将输出的100个预测结果逐一和标签做匹配，得到损失最小的匹配结果，之后利用匹配结果计算损失，做优化，未匹配到标签的统一视为背景类别，只优化分类的预测，不优化边界框预测。

class SetCriterion(nn.Module):
    """ This class computes the loss for DETR.
    The process happens in two steps:
        1) we compute hungarian assignment between ground truth boxes and the outputs of the model
        2) we supervise each pair of matched ground-truth / prediction (supervise class and box)
    """
    def __init__(self, num_classes, matcher, weight_dict, eos_coef, losses):
        """ Create the criterion.
        Parameters:
            num_classes: number of object categories, omitting the special no-object category
            matcher: module able to compute a matching between targets and proposals
            weight_dict: dict containing as key the names of the losses and as values their relative weight.
            eos_coef: relative classification weight applied to the no-object category
            losses: list of all the losses to be applied. See get_loss for list of available losses.
        """
        super().__init__()
        self.num_classes = num_classes
        self.matcher = matcher
        self.weight_dict = weight_dict
        self.eos_coef = eos_coef
        self.losses = losses
        empty_weight = torch.ones(self.num_classes + 1)
        empty_weight[-1] = self.eos_coef
        self.register_buffer('empty_weight', empty_weight)

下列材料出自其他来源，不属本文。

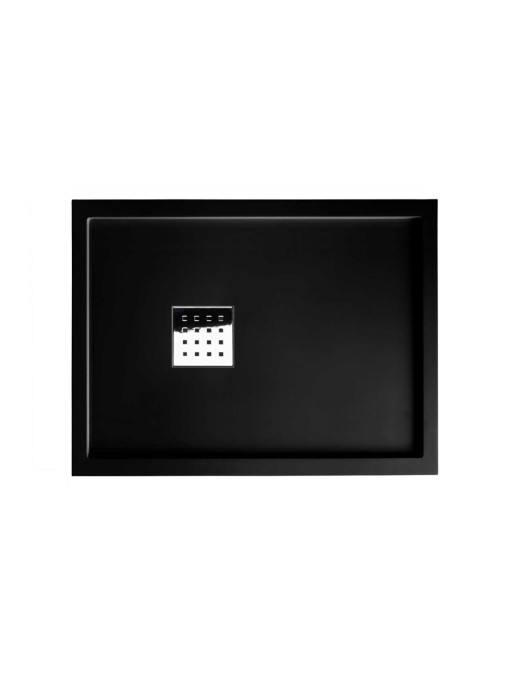Receveur de douche en Gel coat avec rebords LISO ENMARCADO Noir 120x90cm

    def forward(self, outputs, targets):
        """ This performs the loss computation.
        Parameters:
             outputs: dict of tensors, see the output specification of the model for the format
             targets: list of dicts, such that len(targets) == batch_size.
                      The expected keys in each dict depends on the losses applied, see each loss' doc
        """
        outputs_without_aux = {k: v for k, v in outputs.items() if k != 'aux_outputs'}

        # 检索最后一层输出和目标之间的匹配，返回列表数据
        # 每个数据包含两个数组，分别表示被匹配框的序号和前景物体序号
        indices = self.matcher(outputs_without_aux, targets)

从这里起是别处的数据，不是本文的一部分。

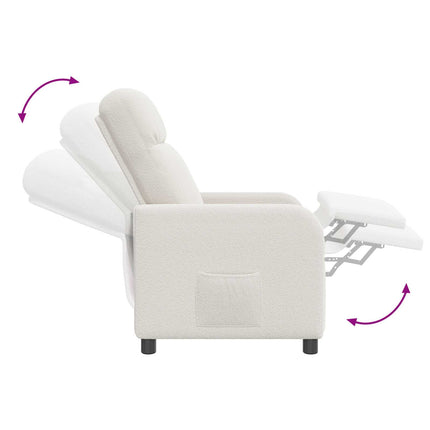 Massagefåtölj Gräddvit Bouclé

        # Compute the average number of target boxes accross all nodes, for normalization purposes
        num_boxes = sum(len(t["labels"]) for t in targets)
        num_boxes = torch.as_tensor([num_boxes], dtype=torch.float, device=next(iter(outputs.values())).device)
        if is_dist_avail_and_initialized():
            torch.distributed.all_reduce(num_boxes)
        num_boxes = torch.clamp(num_boxes / get_world_size(), min=1).item()

        # 计算所有的损失，计算损失时，未匹配到标签的预测边界框之参与类别损失的计算，划分为背景类别
        # 不参与边界框损失的计算(L1与IoU)
        losses = {}
        for loss in self.losses:
            losses.update(self.get_loss(loss, outputs, targets, indices, num_boxes))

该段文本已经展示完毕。